> **Assigned task**
Omitting all images, give the entries that follow again exactly as they read.

> **Input material**
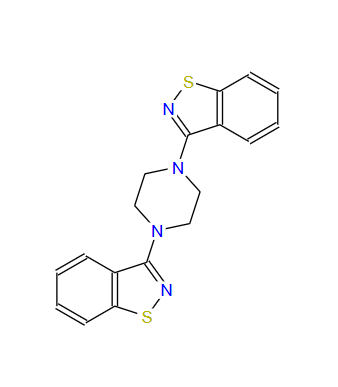 223586-82-1；1,4-二(苯并[D]异噻唑-3-基)哌嗪；3-[4-(1,2-benzothiazol-3-yl)piperazin-1-yl]-1,2-benzothiazole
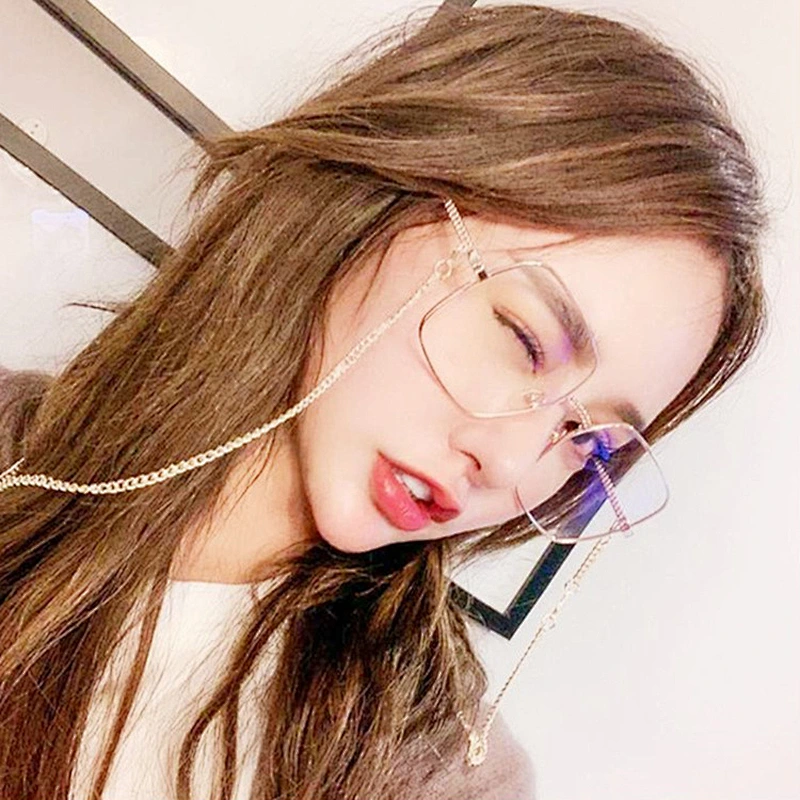 Square metal chain retro celebrity glasses optical frame river wholesale women eyewear men eyeglasses design eye glasses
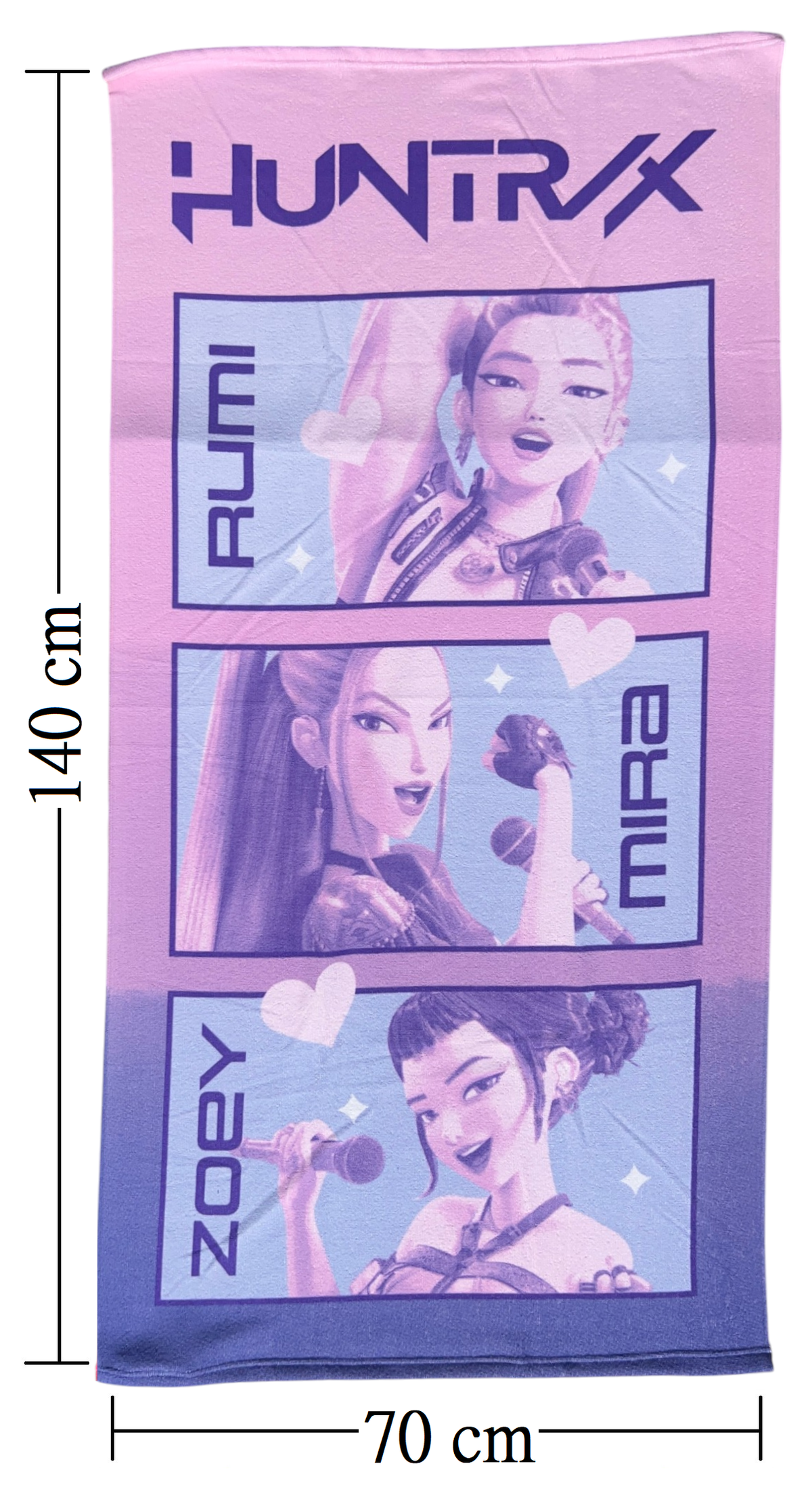 Telo Mare K-Pop Demon Hunters Huntrix Asciugamano per Bambini in Microfibra CM 140x70 - Kdh2382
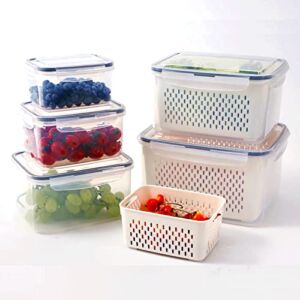 5 PCS Large Fruit Containers for Fridge – Leakproof Food Storage Containers with Removable Colander – Dishwasher & microwave safe Produce Containers Keep Fruits, Vegetables, Berry, Meat Fresh longer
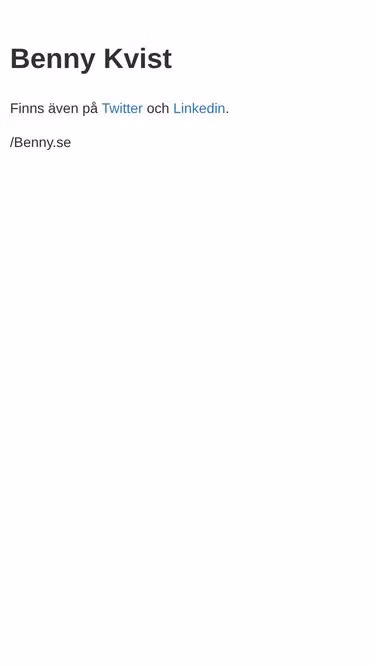Screenshot of benny.se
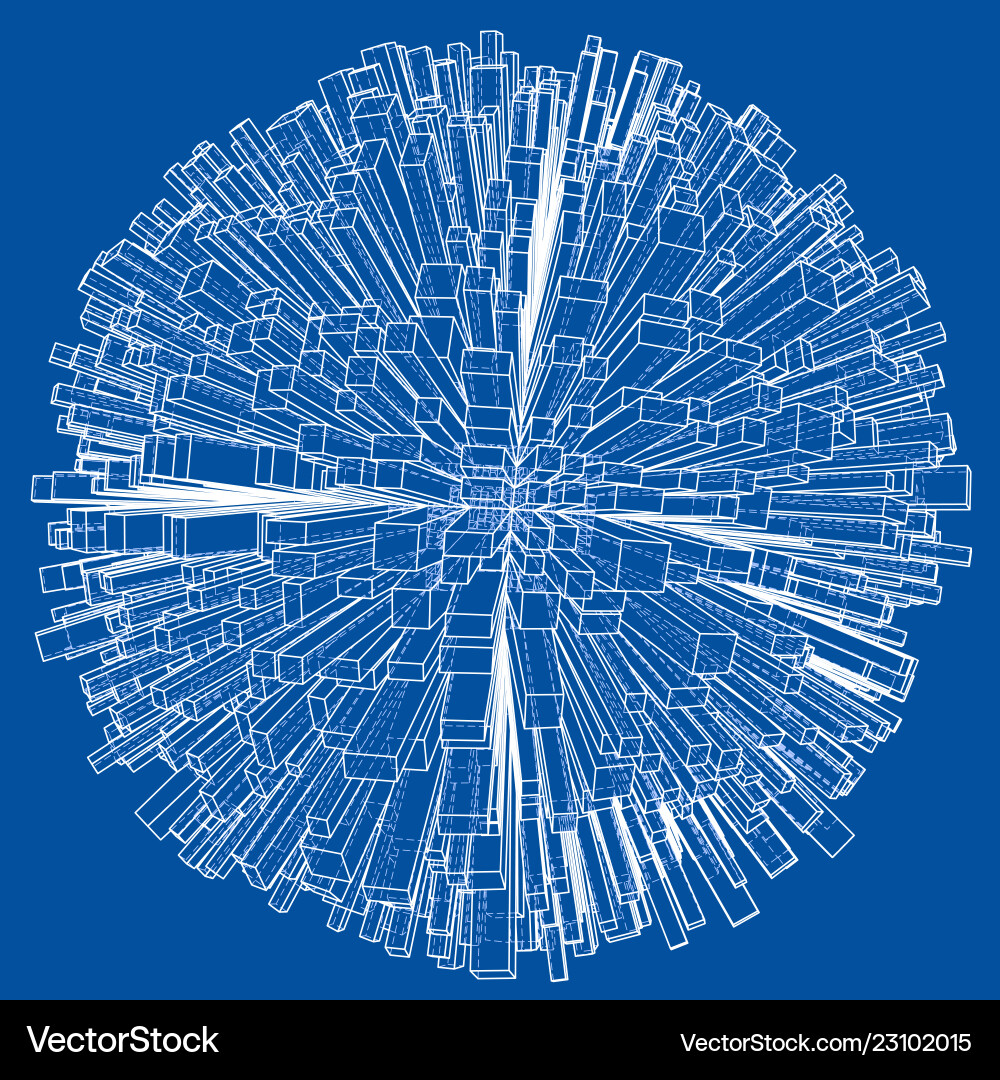 Abstract 3d sphere with city blueprint style vector image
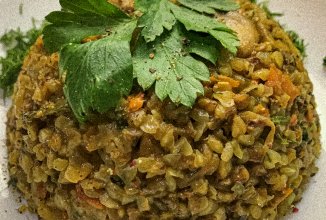 Гречка с грибами и сыром в одной сковороде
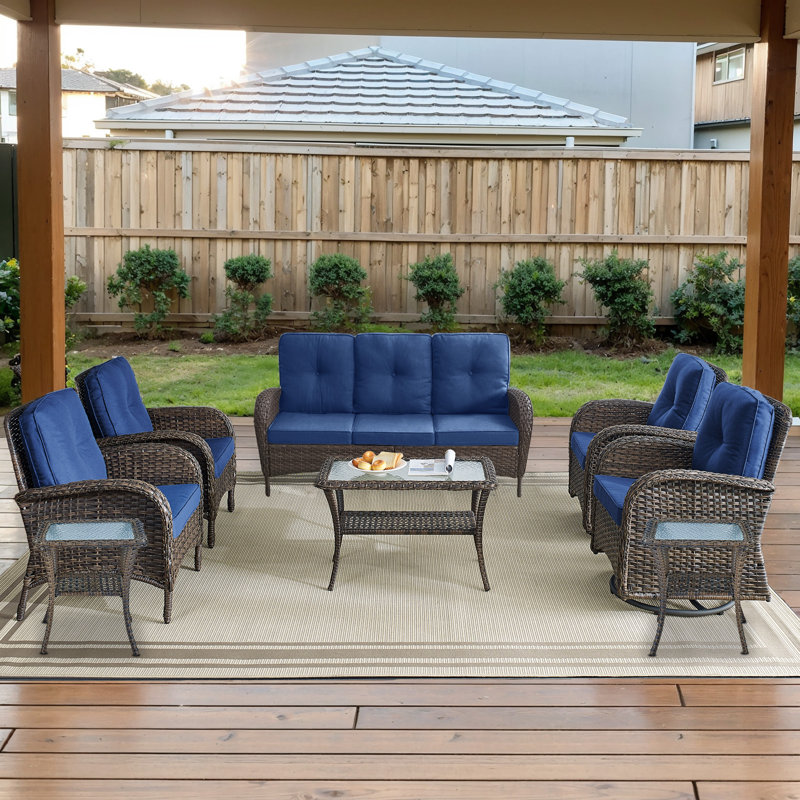 Ensemble de conversation d'extérieur 8 pièces avec coussins et tables d'appoint Gaetanino, Bleu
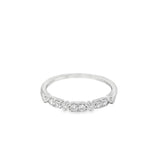 Lady's White 18 Karat Station Band Wedding/Anniversary Ring Size 6.75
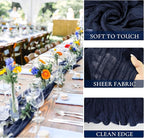 3 Pack Navy Blue Cheesecloth Table Runner 10FT Boho Gauze Cheese Cloth Table Runner Blue for Wedding Party Baby Shower Birthday Summer Home Decor Holiday Decorations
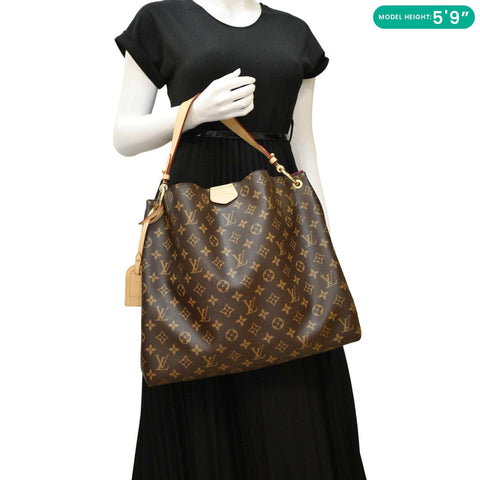LOUIS VUITTON Graceful MM Monogram Canvas Hobo Shoulder Bag Brown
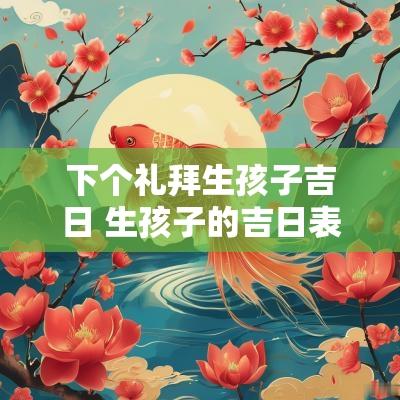 下个礼拜生孩子吉日 生孩子的吉日表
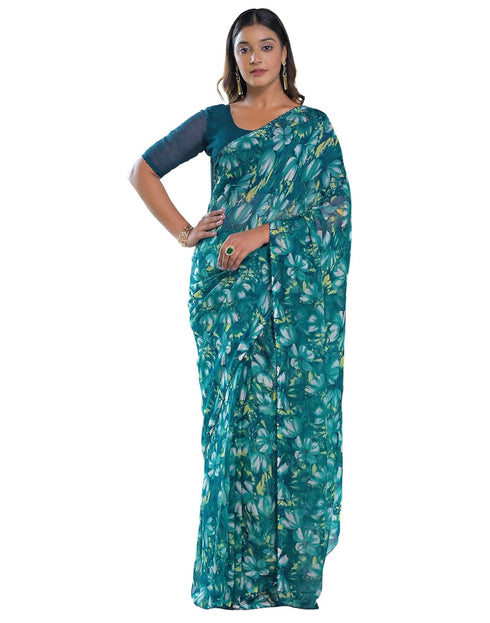 Vasthrlay Chiffon Bandhani Unstitched Olive Green Saree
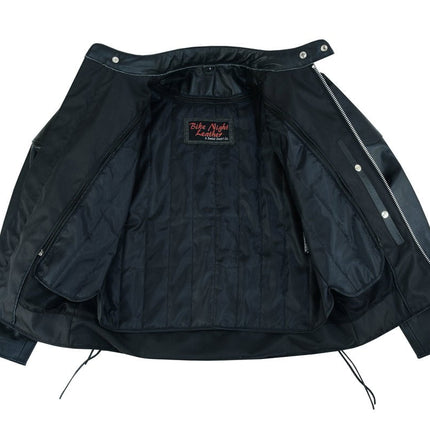 AM Knucklehead Premium Black Men's Leather Motorcycle Jacket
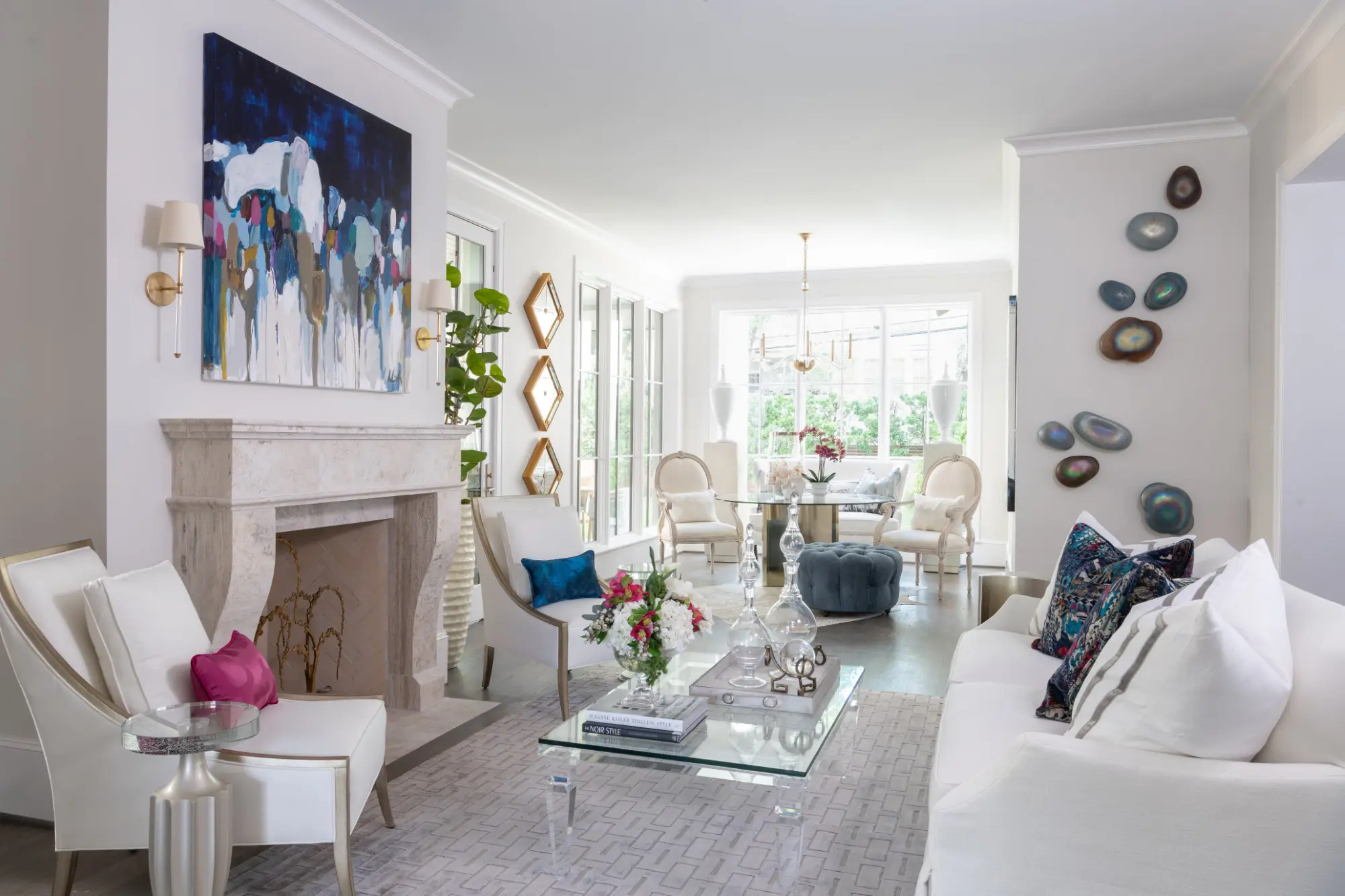 Kara Wuellner of The Design Firm created the family room.  (Photo by Michael Hunter Photography)
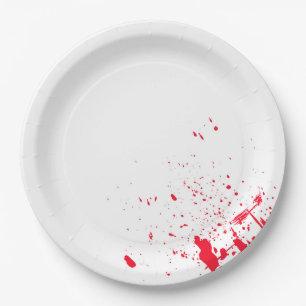 Plato De Papel Salpicadura roja de la sangre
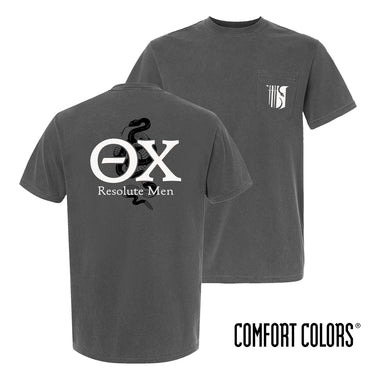 Grey Comfort Colors Theta Chi Resolute Men Pocket Tee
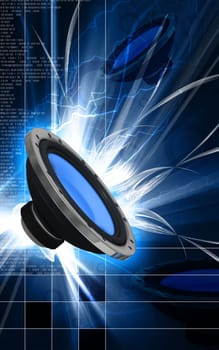 Digital illustration of car stereo in colour background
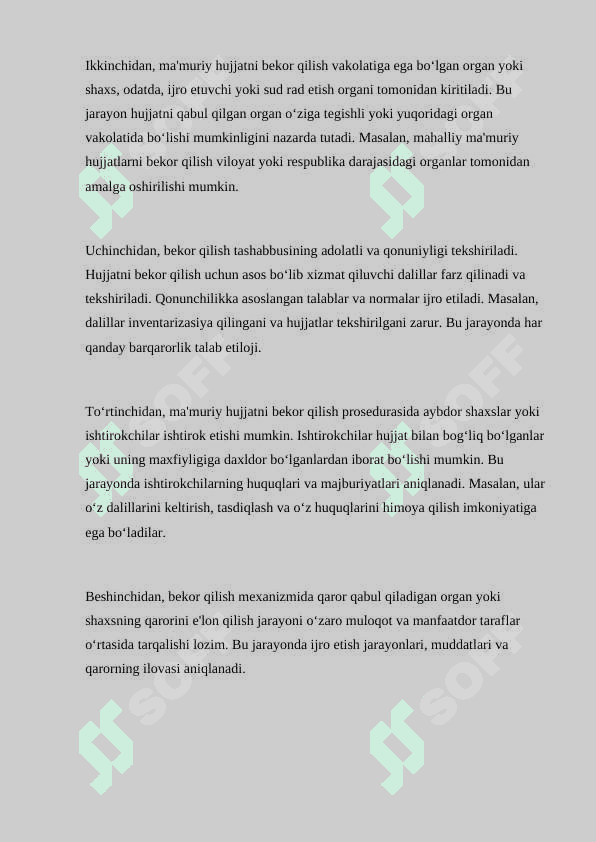 Ma’muriy hujjatni bekor qilish, o’zgartirish yoki haqiqiy emas deb topish 7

> **Answer to the problem**
 223586-82-1；1,4-二(苯并[D]异噻唑-3-基)哌嗪；3-[4-(1,2-benzothiazol-3-yl)piperazin-1-yl]-1,2-benzothiazole
 Square metal chain retro celebrity glasses optical frame river wholesale women eyewear men eyeglasses design eye glasses
 Telo Mare K-Pop Demon Hunters Huntrix Asciugamano per Bambini in Microfibra CM 140x70 - Kdh2382
 5 PCS Large Fruit Containers for Fridge – Leakproof Food Storage Containers with Removable Colander – Dishwasher & microwave safe Produce Containers Keep Fruits, Vegetables, Berry, Meat Fresh longer
Screenshot of benny.se
 Abstract 3d sphere with city blueprint style vector image
 Гречка с грибами и сыром в одной сковороде
 Ensemble de conversation d'extérieur 8 pièces avec coussins et tables d'appoint Gaetanino, Bleu
 Lady's White 18 Karat Station Band Wedding/Anniversary Ring Size 6.75
 3 Pack Navy Blue Cheesecloth Table Runner 10FT Boho Gauze Cheese Cloth Table Runner Blue for Wedding Party Baby Shower Birthday Summer Home Decor Holiday Decorations
LOUIS VUITTON Graceful MM Monogram Canvas Hobo Shoulder Bag Brown
 下个礼拜生孩子吉日 生孩子的吉日表
 Vasthrlay Chiffon Bandhani Unstitched Olive Green Saree
 AM Knucklehead Premium Black Men's Leather Motorcycle Jacket
 Kara Wuellner of The Design Firm created the family room.  (Photo by Michael Hunter Photography)
 Plato De Papel Salpicadura roja de la sangre
 Grey Comfort Colors Theta Chi Resolute Men Pocket Tee
 Digital illustration of car stereo in colour background
 Ma’muriy hujjatni bekor qilish, o’zgartirish yoki haqiqiy emas deb topish 7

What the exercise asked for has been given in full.